Ely Cathedral sits atop a marshy island at a dizzying 26 metres above sea level. But this cathedral is far from bog standard.
The town was a religious settlement long before its cathedral was built. In 673 an old lady called Ethel(dreda), committed to a chaste life (much to her husband’s displeasure), founded a monastery in the town. Alas, Ethel’s good work was undone by rampaging Vikings in eight hundred and something. Although a Benedictine monastery was thrown up in the late 10th century it wasn’t until Norman the Builder turned up in Ely around 1090 that folk started thinking on a grander scale.
A strong man with a predilection for robustness and symmetry in his work, Norman set about building what would become one of England’s most striking examples of the Romanesque architectural style.
I consider the magnificent nave at Ely his greatest achievement. The aisle of the cathedral extends through three storeys of semi-circular arches in order to support the weight of its roof. The columns of the first row of arches are six-foot wide. Norman’s nave has a stentorian sturdiness; a humbling vastness. Standing where it meets the crossing, beneath Ely’s Gothic lantern, and looking back towards the west front at the receding perspective of his architectural equipoise, it can look as if the space is as tall as it is long.
Now, that bog I mentioned earlier, I’ll get to it shortly, but first let’s fast-forward a couple of hundred years to 1321. Norman has popped his clogs, leaving quite a legacy. However, fashions change and Norm’s descendants have become Goths. They have started pointing their arches, ribbing their vaults and flying their buttresses. As we join them they’ve just completed a rather exuberant ‘extension’ to the north side of the cathedral called ‘the Lady Chapel’, commissioned to do so by Ely sacrist Alan of Walsingham.
But then 1322 rolls around and, disaster! The builders who put the extension in must have dug beneath the water level. As a result the crossing tower has collapsed! There’s a big hole in the middle of the cathedral.

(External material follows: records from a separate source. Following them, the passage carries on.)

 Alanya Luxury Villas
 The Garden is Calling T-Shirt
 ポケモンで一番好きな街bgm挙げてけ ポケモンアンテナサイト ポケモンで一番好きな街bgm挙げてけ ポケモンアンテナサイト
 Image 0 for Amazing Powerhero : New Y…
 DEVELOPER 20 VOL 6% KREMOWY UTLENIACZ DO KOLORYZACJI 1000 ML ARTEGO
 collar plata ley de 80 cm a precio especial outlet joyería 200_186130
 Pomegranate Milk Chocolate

What follows is one of the great architectural success stories of the medieval age. Faced with a cavernous lacuna above where the altar and choir used to be – not to mention grappling with what this meant in theological terms – Alan and his Goth builders, led by a Mr. Bill Hurley (later employed by the King as it happens), covered the void by erecting an ingenious octagonal structure sitting atop the eight remaining Norman stone columns. The ‘lantern tower’ consisted of eight solid oak tree trunks sitting vertically atop each of Norman’s columns and held in place by a set of interconnecting horizontal and diagonal timbers (more akin to enormous railway sleepers). This wooden structure was then further reinforced with lead. Should you stand beneath the lantern at Ely, bear in mind that there is 200 tons of oak and the same of lead suspended above you – a hymn to the ingenuity of Norman’s Gothic sons.
I usually visit Ely Cathedral twice a month, often to sit in the nave and listen in on choral evensong on a Sunday afternoon. For me it is a humbling space that inspires a kind of regular recalibration. A human space, too, for captured in its fabric are its own vicissitudes; its own tales of mutability. Whilst Ely reminds me of my relative insignificance in Whoever’s grand plan it also assures me that great things are possible.